Correlation between overexpression of matrix metalloproteinase-9 with acute graft injury after small-for-size liver transplantation
10.3760/cma.j.issn.0254-1785.2010.07.006
- VernacularTitle:基质金属蛋白酶-9 与小体积移植肝早期损伤的相关性研究
- Author:
Zhenyu MA
;
Jianming QIAN
;
Yiyao CUI
;
Qianwei WANG
;
Fangrui WANG
- Publication Type:Journal Article
- Keywords:
Matrix Metalloproteinase 9;
Liver transplantation;
Reperfusion injury
- From:
Chinese Journal of Organ Transplantation
2010;31(7):400-404
- CountryChina
- Language:Chinese
-
Abstract:
Objective Portal hypertension and ischemia/reperfusion (I/R) have been implicated in small-for-size liver graft dysfunction. Matrix metalloproteinases-2 (MMP-2) and MMP-9 are critically involved in hepatic I/R injury. The goal of this study was to investigate the role of MMP-2 and MMP-9 in acute small-for-size graft injury. Methods 108 rats were divided into three groups:100 % (full-size), 50 % (half-size) and 25 % (quarter-size) liver transplantation groups. Blood and liver samples were collected to assess liver function, hepatic malondialdehyde (MDA) content, tissue myeloperoxidase (MPO) activity and histological changes. ELISA, real-time PCR, gelatin zymography, and immunohistochemistry were used to determine the expression pattern of MMP-2 and MMP-9 in liver grafts. Results The expression levels of MMP-9 were significantly higher in quarter-size and half-size grafts than those in full-size liver grafts 6, 12, and 24 h after reperfusioa And theelevated levels of MMP-9 were related to graft size inversely.

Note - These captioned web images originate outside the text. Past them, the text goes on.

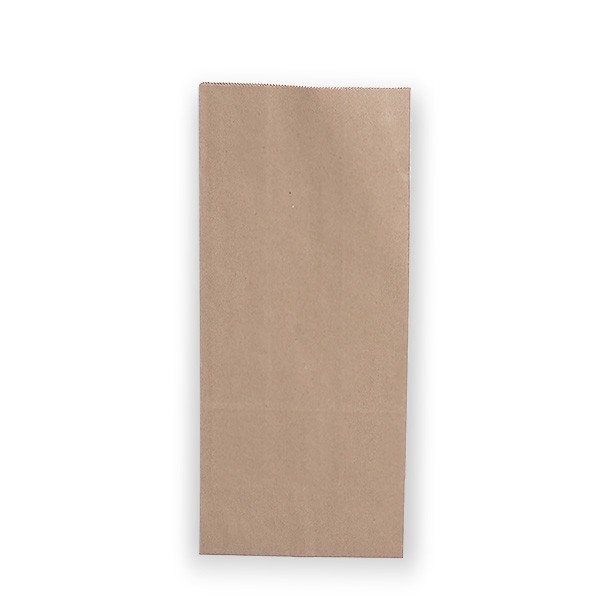 Brown Paper Double Bottle Bags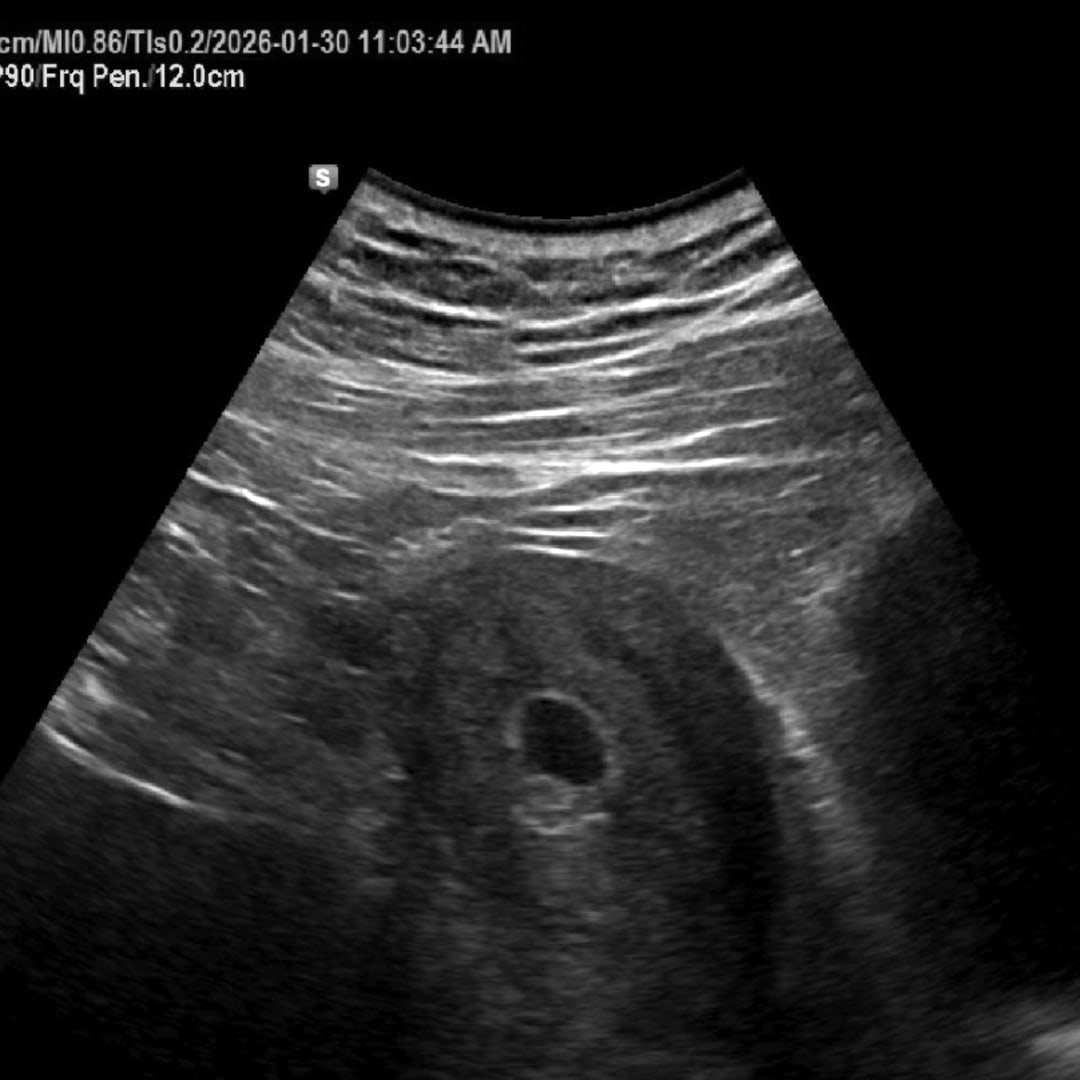 Photo shared by Haylie for their Babylist baby registry.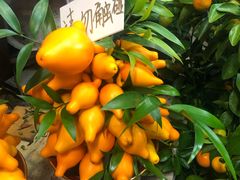 -三旗百汇商品城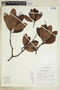 Retiniphyllum tepuiense image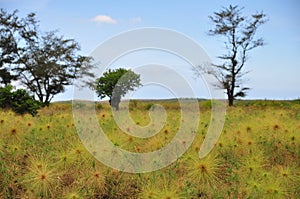 Green grassland and tree for relax place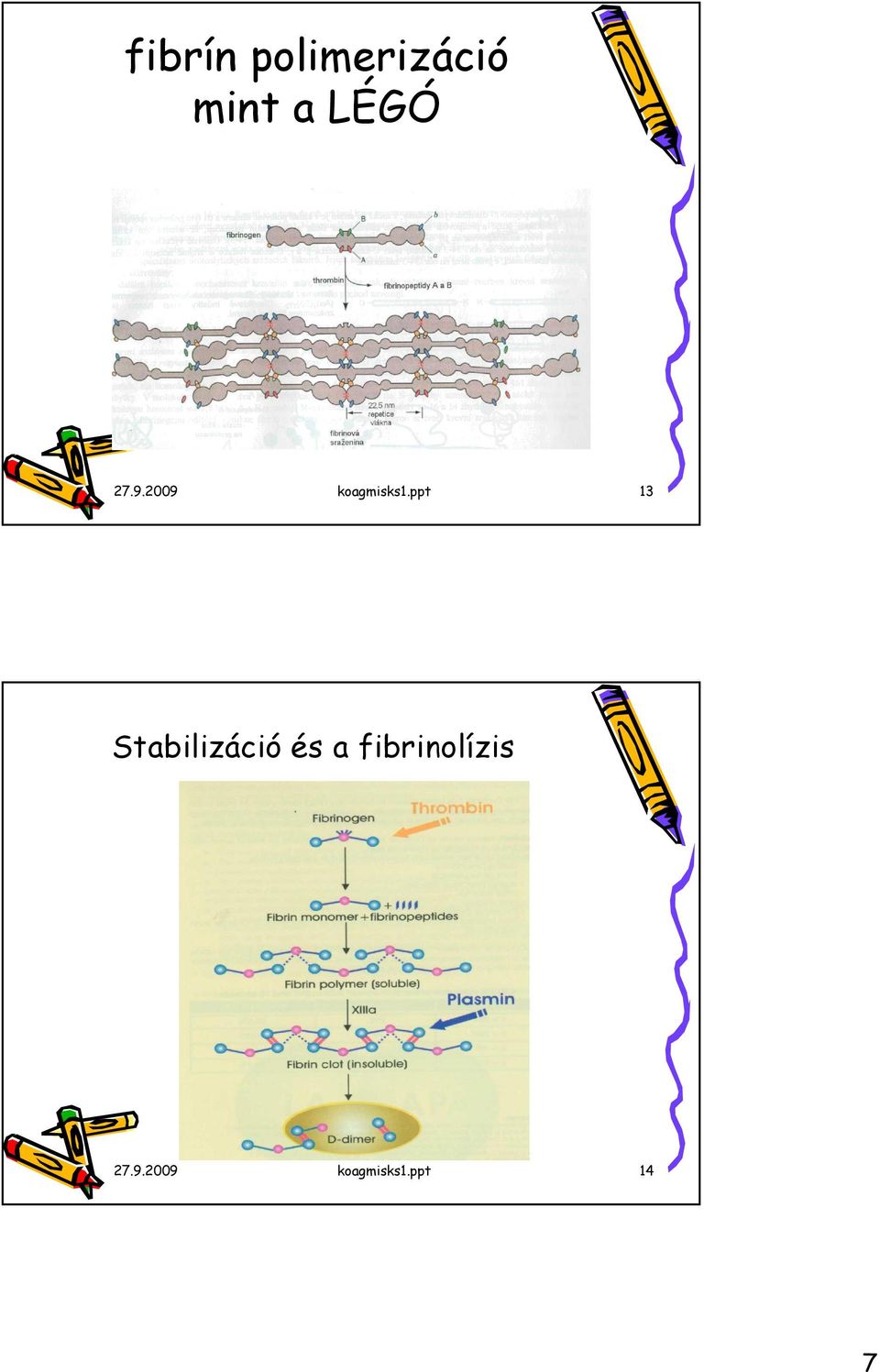 ppt 13 Stabilizáció és a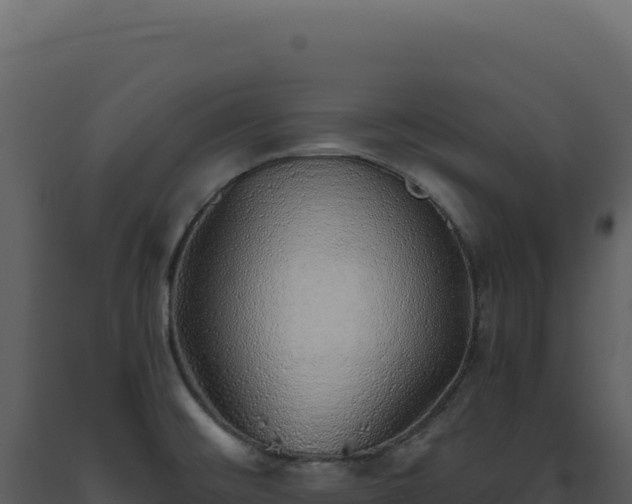 X0000093501476200710191238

However, MMP-2 was expressed and remained in all groups invariably. MMP-9 overexpression was accompanied by extensive liver I/R injury, as evidenced by significant increases in hepatic microscopic damage scores, MDA content,MPO activity and liver function levels. Furthermore, MMP-9 was found mainly to locate around periportal area. The presence of the active form of MMP-9 was significantly higher in small-for-size grafts, which was correlated with sinusoidal dilatation, congestion and hemorrhage. Conclusion These results support critical function of MMP-9 in acute small-for-size liver graft injury. Moreover,portal hypertension may be a crucial trigger for expression and activation of MMP-9.